The Federal Aviation Administration (FAA) recently issued a Program Guidance Letter (PGL) 12-08 to instruct Airport District Offices (ADOs) on how to implement portions of the FAA Modernization and Reform Act of 2012 (FMRA).
Among other things, FMRA incentivizes the environmental sustainability of airports by broadening the definition of “airport planning” to include “developing a plan for recycling and minimizing the generation of airport solid waste, consistent with applicable State and local recycling laws, including the cost of a waste audit.’’ In effect, the PGL requires that when an airport applies for an Airport Improvement Program grant for an Airport Master Plan, the ADO must confirm that the Master Plan scope of work includes reviewing solid waste recycling at the airport before the grant can be approved. In other words, if an airport wants to update its Master Plan, it has to incorporate a plan for recycling and minimizing the airport’s solid waste. Moreover, that recycling plan will need to include a waste audit and must be consistent with State and local recycling laws. The PGL also states that APP-400, the Airport Planning and Environmental Division within the FAA’s Office of Airport Planning and Programming, will be developing guidance on what an airport recycling plan should contain.

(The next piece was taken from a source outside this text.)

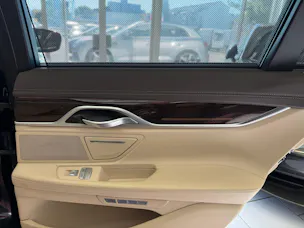 BMW 750i xDrive Steptronic | CH | Leder Beige | Night Vision | FOND Entertain | TV | PURE EXCELLENCE | Standheiz. |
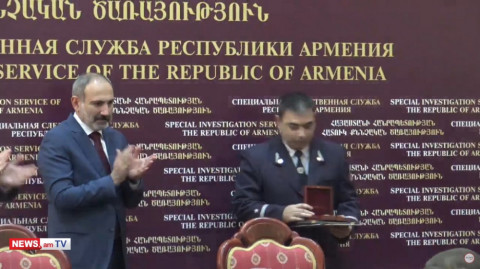 Նիկոլ Փաշինյանը պարգեւատրեց ՀՔԾ քննիչներին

ESA Airports is in a unique position to assist airports with planning for recycling. Our staff will apply their knowledge of airport planning protocol, airport operations, and commercial recycling options to develop an airport recycling plan that is clear, current and functional. Recycling services vary from city to city, and the spectrum of recyclable materials is ever-increasing, so the best recycling plans will identify the full range of options applicable to your locale. ESA Airports can assess your recycling program and tell you how to maximize its effectiveness among all airport occupants and users. Examples:
- Concessionaires: What are local sources of compostable food service ware and take-out containers? Are concessions using them?
- Passengers: Can you provide water bottle refilling stations so passengers can bring empty bottles through security, then reuse them?
- Maintenance: Do you have cardboard and scrap metal bins? Does your staff know where they are and how to use them?
Going for LEED gold, or better? Our LEED AP staff can evaluate your waste stream and recommend ways to divert more, earning you one or more LEED points. We can also train concessionaires directly, or show airport staff how to train them, to divert and prevent solid waste.
Our experience includes waste studies at numerous large commercial enterprises, including an ongoing multi-year effort to profile the discards from San Francisco International Airport (SFO). This study is being done to fulfill the local waste hauler’s obligation to provide yearly waste profiles to SFO for planning and monitoring purposes. The study involves photographing and observing waste loads to quantify recyclable and compostable materials among the discards from the terminals, maintenance areas, and outlying concessions such as the consolidated car-rental facility.